Annual real power [2] generated by gas plants in CAISO reached its all time high in 2014 at 11707 MW. In 2014 generation from renewables was only 5418 MW. Renewables have increased and gas has declined every year since. The crossover first happened in 2017 when gas power dipped to 7396 MW and renewables rose to 9671 MW. For 2019, gas is down to 6835 MW (to date) and renewables are up to 10507 MW (also to date).

Sorry that I don't have a quick citation for these numbers, but the raw data is here:

http://content.caiso.com/green/renewrpt/

I've downloaded all the daily *.txt files and cobbled together big CSVs from them to track these sorts of statistics.

[1] http://www.caiso.com/about/Pages/default.aspx

[2] Annual real power meaning number of megawatt hours generated in the year divided by number of hours in the year; this implicitly accounts for differing capacity factors.



This directly contradicts the first results I find: https://en.m.wikipedia.org/wiki/Energy_in_California#/media/...

Solar and wind add up to 25.5% of generation, as compared to over 40% natural gas.
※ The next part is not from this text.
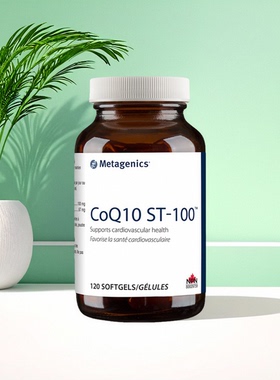 现货 加拿大 Metagenics 麦特金尼斯CoQ10 ST-100 强化辅酶Q10+VE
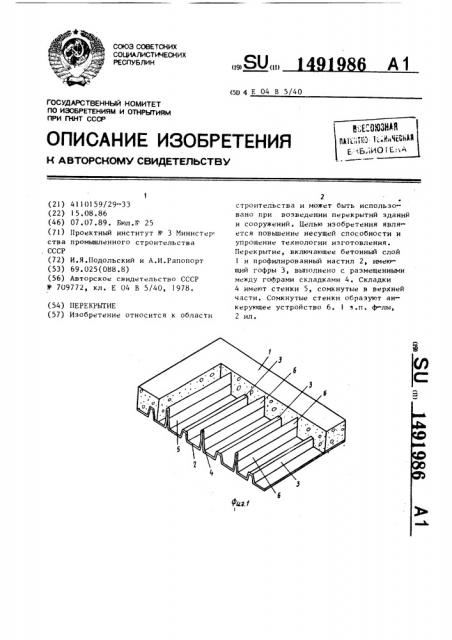 Перекрытие (патент 1491986)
Add hydro and geothermal and renewables rise to 43%, still far from the 100:70 renewable to gas ratio you claimed. But hydroelectric and geothermal are geographically limited, the plan is still to build more solar and wind, with gas plants for use when demand exceeds the renewables' production.


That chart says that natural gas was 43.8% in 2018. It also gives:

Solar, 19.0%

Hydro, 12.3%

Wind, 6.5%

Geothermal, 5.7%

Wood/biomass, 2.7%

Add those renewable sources together and you get 46.2%, more (but only slightly more) than natural gas. It looks like the chart-maker's data source is the Energy Information Administration. The greater dominance of renewables that I found may be because I'm just tracking the CAISO grid. The EIA would have data covering Southern California as well.